• **Task description**
Please restate each line of the data that follows word for word, skipping any image.

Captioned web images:
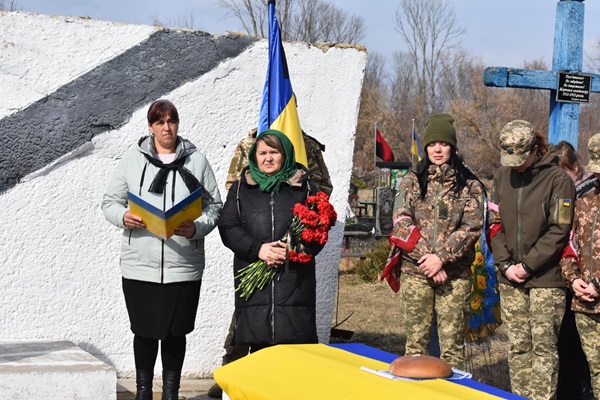 Семенівська громада попрощалася із загиблим захисником Олегом Семенюком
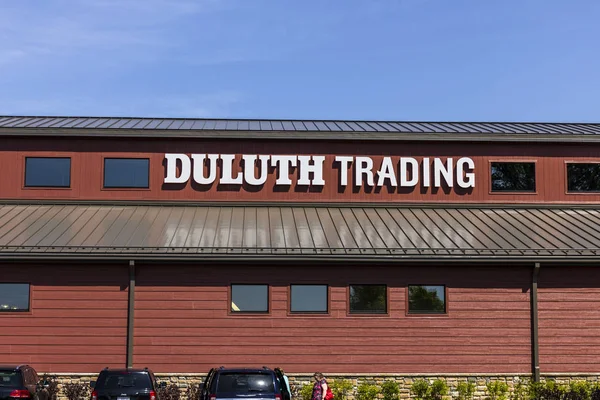 Indianápolis - Circa septiembre 2017: Duluth Trading Retail store. Duluth Trading se especializa en ropa de trabajo resistente I — Foto de Stock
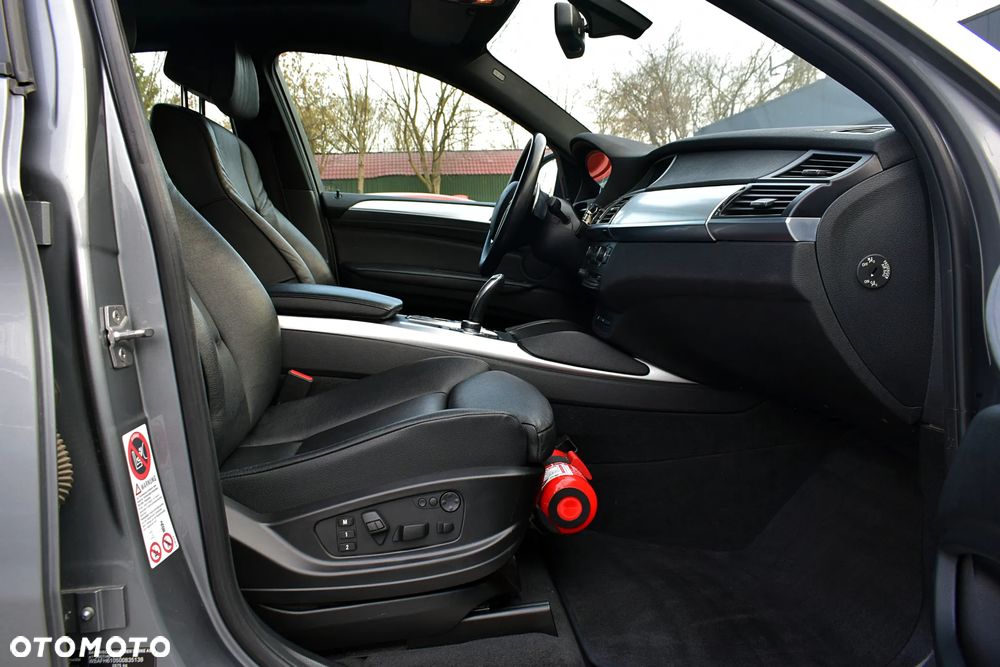 BMW X6 - 8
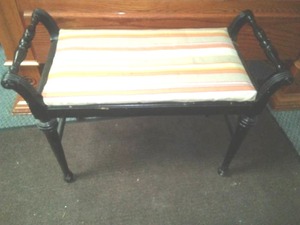 lot 108 image: Vintage bench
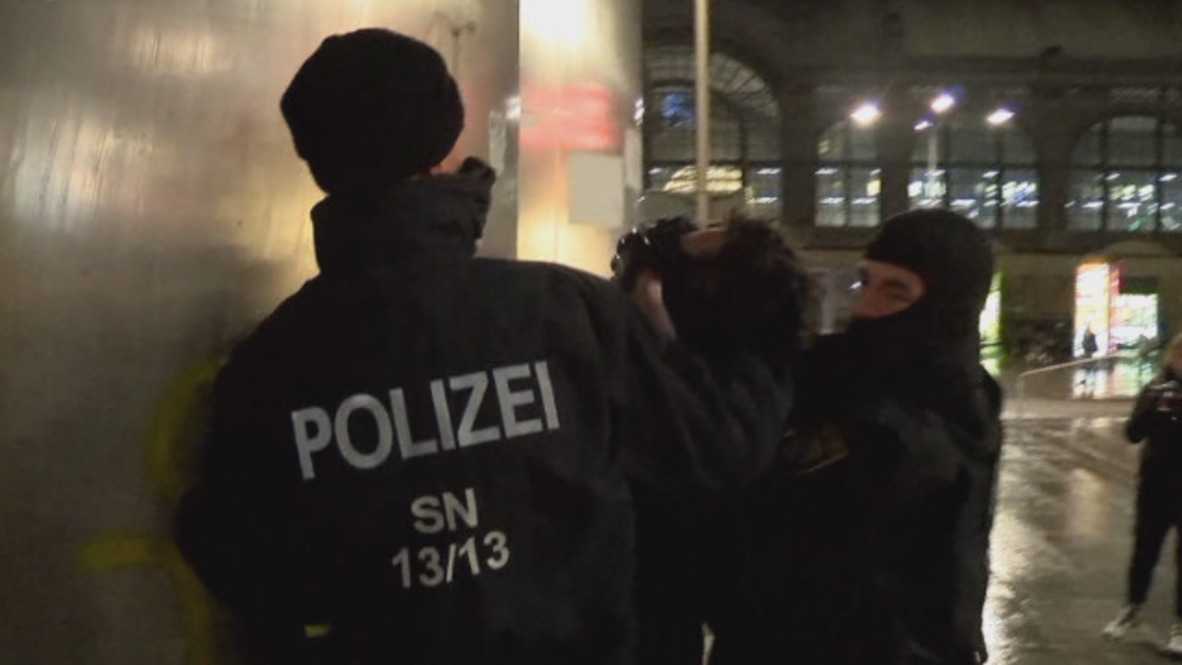 Alemania: Activistas antifascistas contrarrestan una manifestación del ultraderechista NPD en Dresde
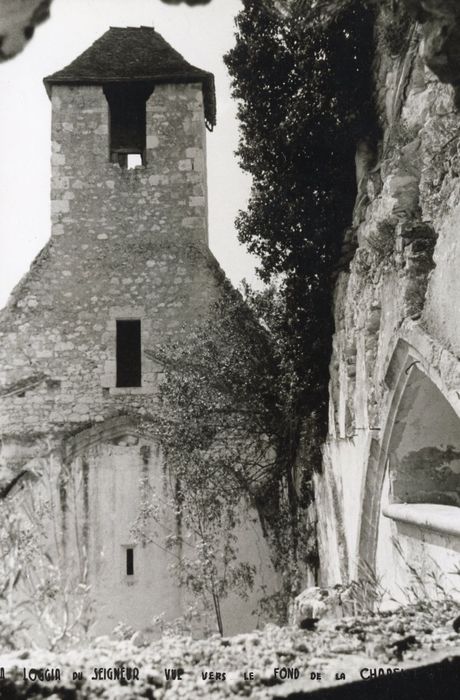 chapelle, vue partielle des ruines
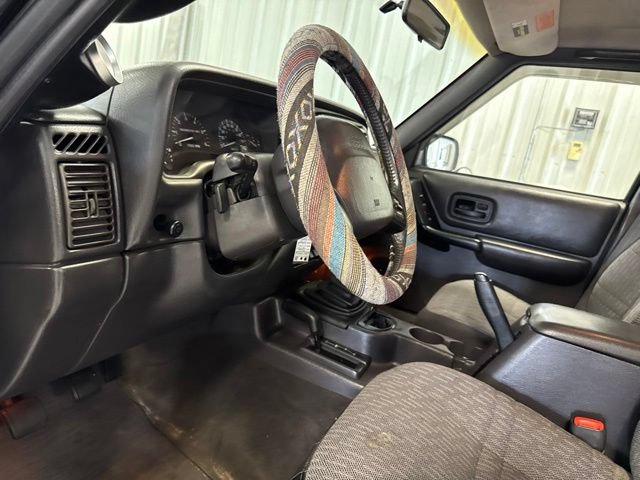 Used 1999 Jeep Cherokee Sport AWD/4WD image 25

• **Solution for this task**
 Семенівська громада попрощалася із загиблим захисником Олегом Семенюком
 Indianápolis - Circa septiembre 2017: Duluth Trading Retail store. Duluth Trading se especializa en ropa de trabajo resistente I — Foto de Stock
 BMW X6 - 8
 lot 108 image: Vintage bench
 Alemania: Activistas antifascistas contrarrestan una manifestación del ultraderechista NPD en Dresde
 chapelle, vue partielle des ruines
 Used 1999 Jeep Cherokee Sport AWD/4WD image 25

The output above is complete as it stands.